BLUE SPRINGS, Mo.–Most of us are familiar with oats and oatmeal, but many are not sure what steel-cut oats are.

“This is a common question I receive,” says Susan Mills-Gray, University of Missouri Extension nutrition and health education specialist.

“There are basically three types of oats on the market,” she said.

First, there are the old-fashioned rolled oats, which are nothing but the whole oats that are rolled flat. Then there are the quick oats, which are rolled oats that have been ground a little bit, which allows them to be cooked faster. Then we have the steel-cut oats, which are whole raw oats cut into smaller pieces.

“You can describe steel-cut oats as a whole grain where the inner part of the oat kernel has not been flattened but instead has been cut into more than two pieces,” she said. This is why it takes a long time to digest steel-cut oats, and the reason they keep us feeling fuller over a longer period.

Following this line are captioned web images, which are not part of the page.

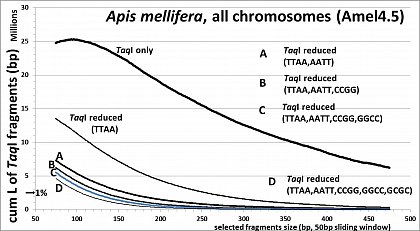 Apis mellifera (32.7% GC, <10% TE's), RESTseq example, cumulative length of remaining fragments in relation to selected fragment size and after reduction with different RE's, based on whole genome in silico analysis (Amel4.5, all 16 chr)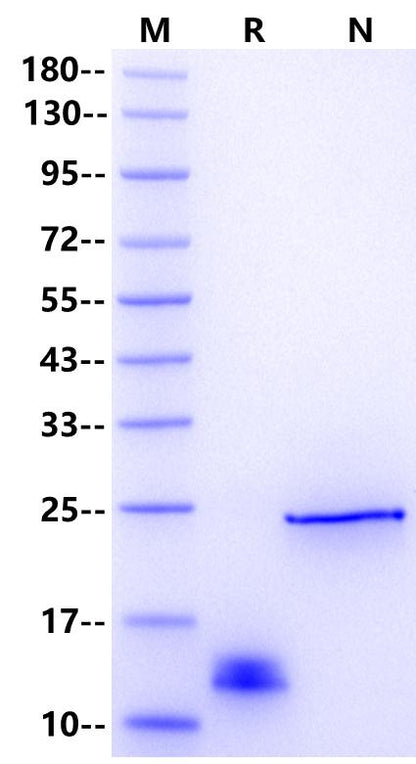 Activin A Protein, Human/Mouse/Rat (High Active）
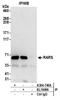 Arginyl-tRNA synthetase, cytoplasmic antibody, A304-749A, Bethyl Labs, Immunoprecipitation image 
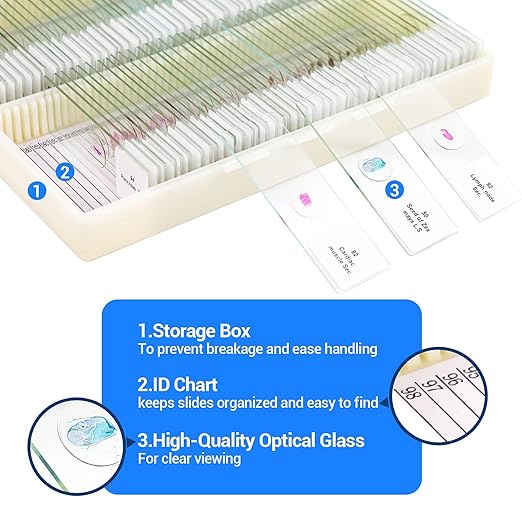 100 Prepared Microscope Slides with Specimens for Kids Adults - Bacterium, Fungus, Human Tissues, Mitosis, Plants, Insects, Animals Cells Samples for Biological Science Lab, School Students-BubblyBeeBaby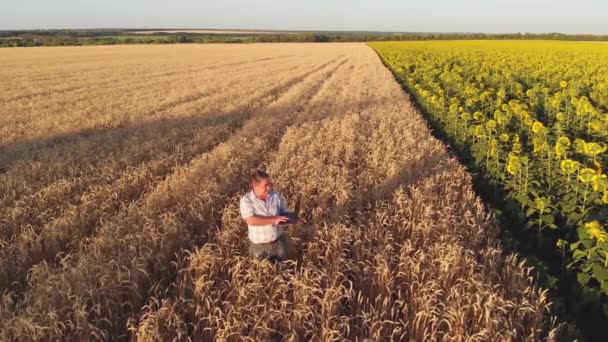 Imágenes Aéreas Del Agricultor Parado Campo Trigo — Vídeos de Stock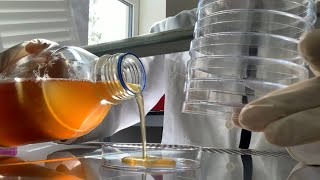 How to pour agar plates for bacterial culture | Biology Tutorial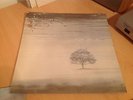 GENESIS WIND AND WUTHERING CHARISMA RECORDS UK VINYL LP+LYRIC INNER D2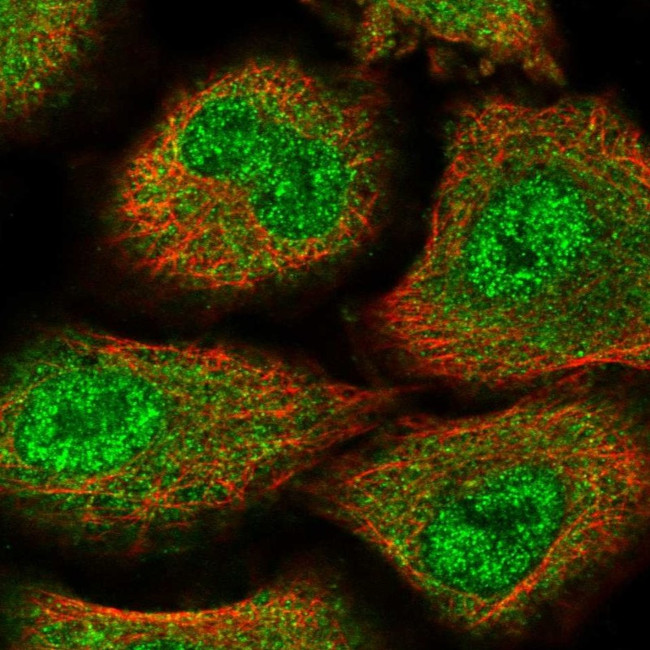 ZNF500 Antibody in Immunocytochemistry (ICC/IF)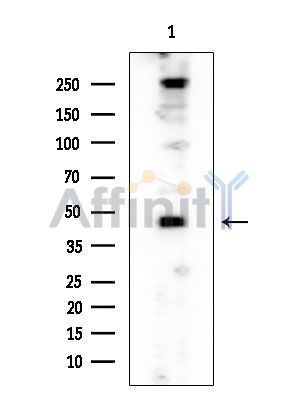 SDPR Mouse Monoclonal Antibody - Western blot analysis of extracts from EC304 cells, using SDPR Mouse Monoclonal Antibody at 1/1000 dilution.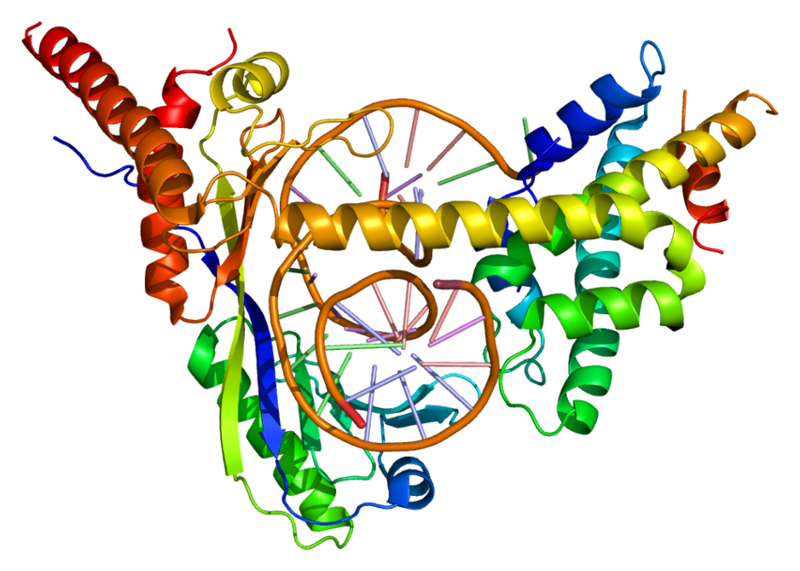 ملف:Protein DRAP1 PDB 1jfi.png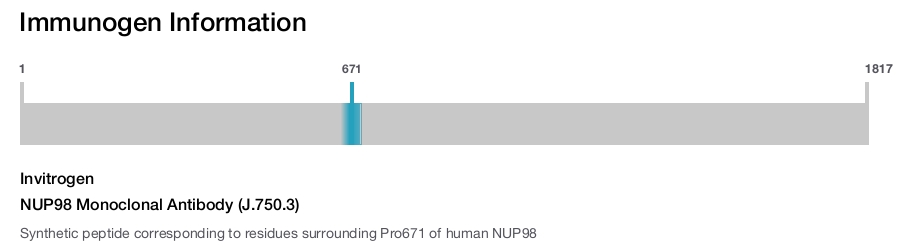 NUP98 Monoclonal Antibody (J.750.3)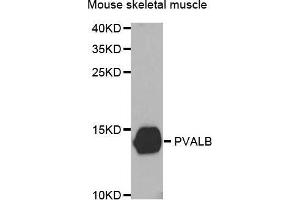 Western Blotting (WB) image for anti-Parvalbumin (PVALB) antibody (ABIN3016701) (PVALB 抗体)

“Steel-cut oats look like chopped nuts and have a golden color,” Mills-Gray said. “When cooked, they look like wild rice and have sort of a nutty flavor. You will find that they are definitely chewier, as it takes a while to chew each bite.”

Whole grains are an important part of a healthy lifestyle, and steel-cut oats are an easy way to improve your diet, she said. “Steel-cut oats are definitely a better alternative to the rolled oats.”

A single 1/4-cup serving of uncooked steel-cut oats contains 140-160 calories, about 28 grams of complex (healthy) carbohydrates, 8 grams of fiber and 5-7 grams of protein.

One serving also provides 10 percent of the iron you need each day and 2 percent of the recommended daily amount of calcium. Steel-cut oats are a rich source of the B vitamin complex and are low in fat and sodium.

“Steel-cut oats require more time to cook than regular oats,” Mills-Gray said. Unsoaked steel-cut oats take about 30 minutes to cook thoroughly. This can be a problem if you want to enjoy steel-cut oats on a busy weekday morning. Soaking the oats overnight will shorten cooking time to about five to 10 minutes.

Boil oats in water then simmer until they are chewy yet tender. Add 1 cup milk and cook an additional eight to 10 minutes or until all the liquid is absorbed.

You can substitute steel-cut oats for traditional oats in recipes, Mills-Gray notes.

“Add the same amount of steel-cut oats a recipe with rolled oats calls for, cup for cup,” she said.

Add 10 to 15 minutes to the cooking time to soften the oats, checking frequently to make sure your baked goods don’t burn.

Another option is to let the batter set for an hour to allow the oats to absorb more liquid, then bake or cook. Some steel-cut oat manufacturers suggest soaking oats before adding as an ingredient.